Update 14.00 Uhr: Britischer EU-Kommissar tritt zurück
Der britische EU-Kommissar Jonathan Hill ist zurückgetreten. Er zog damit die Konsequenz aus dem Wahlsieg des Brexit-Lagers beim britischen EU-Referendum, wie die Nachrichtenagentur PA am Samstag berichtete.

Update 12.30 Uhr: Belgier soll Brexit aushandeln
Der belgische Topdiplomat Didier Seeuws soll auf europäischer Seite die Austrittsverhandlungen mit Großbritannien führen. Seeuws werde im EU-Ministerrat die sogenannte Brexit-Task-Force leiten, berichteten Diplomaten am Samstag in Brüssel. Sie bestätigten damit einen Bericht der belgischen Tageszeitung »Het Nieuwsblad«. Seeuws war bis Ende 2014 Kabinettschef des damaligen EU-Ratspräsidenten Herman Van Rompuy.
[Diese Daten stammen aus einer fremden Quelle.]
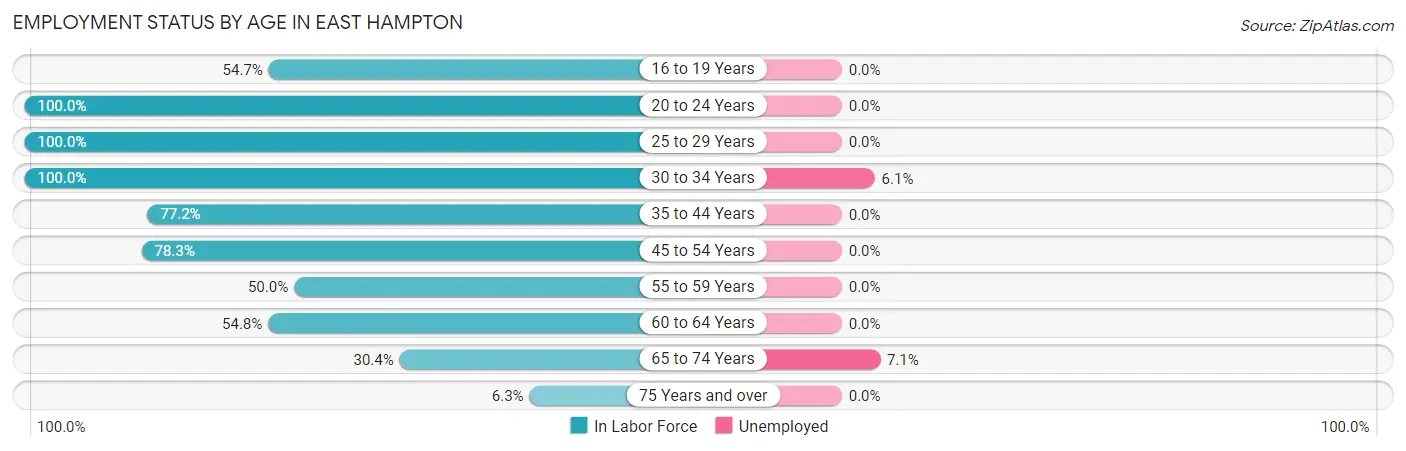 Employment Status by Age in East Hampton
Zur Zeit hat er einen Direktorenposten im EU-Ministerrat inne, der Vertretung der Mitgliedstaaten in Brüssel.

Juncker gibt Cameron Verantwortung für Brexit-Ergebnis

Berlin. Nach dem Votum für den Brexit sind in Berlin die Außenminister aus den sechs Gründerstaaten der Europäischen Union - damals hieß das Bündnis noch EWG - zu Beratungen über die Folgen zusammengekommen. Im Zentrum der Gespräche dürfte ein Vorstoß von Bundesaußenminister Frank-Walter Steinmeier und seinem französischen Kollegen Jean-Marc Ayrault stehen, in dem beide für eine »flexible Union« werben. Über den Vorstoß berichten mehrere Medien, unter anderem die »Frankfurter Allgemeine Sonntagszeitung«. Mit der Idee soll für Partnerländer Raum gelassen werden, die weitere Integrationsschritte noch nicht mitgehen können oder wollen. Es geht dabei auch um die Verteilung der Rollen in einem Europa ohne Großbritannien.
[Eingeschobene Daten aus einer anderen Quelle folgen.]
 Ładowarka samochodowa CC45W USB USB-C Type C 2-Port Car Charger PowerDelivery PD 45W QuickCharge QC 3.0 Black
»Europa braucht jetzt Orientierung. Da stehen Frankreich und Deutschland besonders in der Verantwortung«, wird Steinmeier in dem Blatt zitiert. »Deutschland und Frankreich nehmen mit Bedauern zur Kenntnis, dass das britische Volk für den Austritt des Vereinigten Königreichs aus der EU gestimmt hat«, heiße es in dem Papier. Jetzt sei es die gemeinsame Pflicht beider Länder, daran zu arbeiten, dass eine ähnliche Entwicklung »sich nicht andernorts in Europa wiederholt«.
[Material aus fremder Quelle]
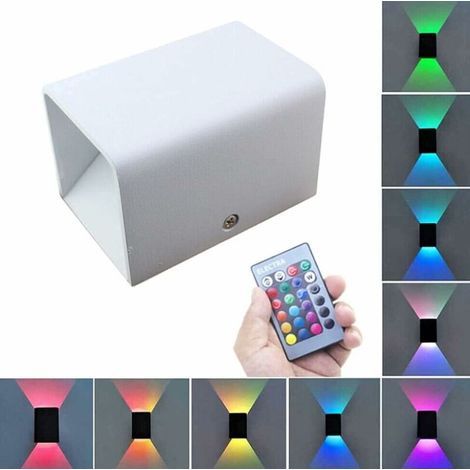 Lampada da parete a LED da 1 pezzo da 5 W per interni, luce d'atmosfera con dimmer RGB, lampada da parete moderna up down light illuminazione da parete in alluminio lampada da corridoio illuminazione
Es gehe aber nicht um ein Europa der zwei Geschwindigkeiten, sagte Steinmeier im ZDF. Bei der deutsch-französischen Initiative gehe es vielmehr um eine Antwort auf die Frage: »Was ist jetzt eigentlich die Botschaft, mit der wir in die nächsten Tage und die nächsten Monate gehen.« Denn eines erlaube der Ausgang des britischen Referendums nicht: »Dass wir jetzt einfach die Botschaft überhören und den nächsten großen Integrationsschritt gehen.« Der deutsch-französische Vorstoß sei noch »nicht der Stein der Weisen«, so Steinmeier im ZDF. »Da wird viel anderes an Anregungen hinzukommen.« Nach Ansicht des Bundesaußenminister stehen die Europäer nach dem Brexit-Votum vor einer schwierigen Aufgabe: »Es wird nicht ganz einfach sein, aus dieser Krise herauszukommen.«

Die Runde der Außenminister präsentiert die sechs Staaten, die 1957 die Europäische Wirtschaftsgemeinschaft (EWG) gegründet hatten - die Vorläuferorganisation der EU. Aus anderen Ländern, die nicht dabei sind, gibt es Kritik an dem Treffen. Mehrfach hat Steinmeier (SPD) am Freitag seine Enttäuschung über den Ausgang des britischen EU-Referendums betont - sein Mitarbeiterstab hat sich hingegen dazu entschlossen, den Ärger mit Alkohol zu bekämpfen. »Wir gehen jetzt in einen irischen Pub und betrinken uns«, twitterte das Auswärtige Amt am Freitagabend. Ob Steinmeier selbst mit von der Partie war, verriet das Ministerium nicht. Gleichwohl versprachen die Diplomaten für Samstag wieder vollen Tatendrang: »Ab morgen arbeiten wir dann wieder für ein besseres Europa. Versprochen!«, hieß es in dem Twitter-Eintrag weiter.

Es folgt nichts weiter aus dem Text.